● What is expected
Retype the entire listing, keeping every word as it is.

#### Available records ####

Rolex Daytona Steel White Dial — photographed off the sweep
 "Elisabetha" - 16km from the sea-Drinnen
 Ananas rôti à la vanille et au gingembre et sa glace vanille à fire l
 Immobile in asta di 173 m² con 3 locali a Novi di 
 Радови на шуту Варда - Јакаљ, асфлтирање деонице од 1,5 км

####

● Solution
Rolex Daytona Steel White Dial — photographed off the sweep
 "Elisabetha" - 16km from the sea-Drinnen
 Ananas rôti à la vanille et au gingembre et sa glace vanille à fire l
 Immobile in asta di 173 m² con 3 locali a Novi di 
 Радови на шуту Варда - Јакаљ, асфлтирање деонице од 1,5 км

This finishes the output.